Es ist eine der grössten Tragödien des modernen Fussballs: Am 29. Mai 1985 sterben im Brüsseler Heysel-Stadion 39 Menschen. Nachdem Liverpool-Fans den neutralen Sektor gestürmt haben, bricht eine Massenpanik aus. Fans werden gegen eine Mauer gedrückt, niedergetrampelt. Als die Mauer zusammenbricht, begräbt sie weitere Menschen unter sich. 454 Zuschauer werden zum Teil schwer verletzt.
Pascal Delmoitiez (61) ist Fussballfan seit er ein Kind ist. Das Endspiel zwischen Liverpool und Juventus in Brüssel will er sich nicht entgehen lassen. Monatelang hat der Bankangestellte gespart, um sich ein Ticket zu kaufen.
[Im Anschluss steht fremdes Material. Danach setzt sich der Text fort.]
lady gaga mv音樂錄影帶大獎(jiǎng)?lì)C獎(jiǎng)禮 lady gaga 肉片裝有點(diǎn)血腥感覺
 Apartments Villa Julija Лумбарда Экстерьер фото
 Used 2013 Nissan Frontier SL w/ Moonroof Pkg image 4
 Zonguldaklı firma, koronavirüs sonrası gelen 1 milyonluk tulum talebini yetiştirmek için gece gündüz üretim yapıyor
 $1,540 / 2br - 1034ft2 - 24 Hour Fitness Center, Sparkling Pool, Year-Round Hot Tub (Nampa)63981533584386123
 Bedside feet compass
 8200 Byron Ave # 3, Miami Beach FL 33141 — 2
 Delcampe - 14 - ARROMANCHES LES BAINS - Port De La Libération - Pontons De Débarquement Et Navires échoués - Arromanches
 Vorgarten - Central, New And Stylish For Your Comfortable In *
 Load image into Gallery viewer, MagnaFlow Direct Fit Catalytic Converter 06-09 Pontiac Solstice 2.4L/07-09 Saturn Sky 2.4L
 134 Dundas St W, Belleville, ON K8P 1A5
«Es war grauenhaft, schrecklich»
Delmoitiez ist ein stattlicher Mann mit tiefer Stimme. Er redet wie ein Wasserfall, am liebsten über seinen Heimatklub Stade Brainois, wo Belgiens Superstar Eden Hazard gross geworden ist. Aber wenn er über jenen Abend im Mai 1985 spricht, dann wird seine Stimme plötzlich ganz leise und gerät ins Stocken. «Es war grauenhaft, schrecklich. Mir läuft es immer noch kalt den Rücken runter, wenn ich daran denke.»
Delmotiez steht in seiner Wohnung, wo er fast 2000 Fussballbücher und andere Fussballsouvenirs gehortet hat. Er greift ins Regal und holt ein schwarz-weiss Foto heraus. «Das bin ich.» Delmoitiez zeigt auf einen Mann mit Schnauz, der auf dem Rasen des Heysel-Stadions steht. Hinter ihm Menschen in Panik mit weitaufgerissenen Augen, die gegen einen Zaun gedrückt werden. «Es hätte auch mich treffen können. Zum Glück war ich in einem anderen Sektor.»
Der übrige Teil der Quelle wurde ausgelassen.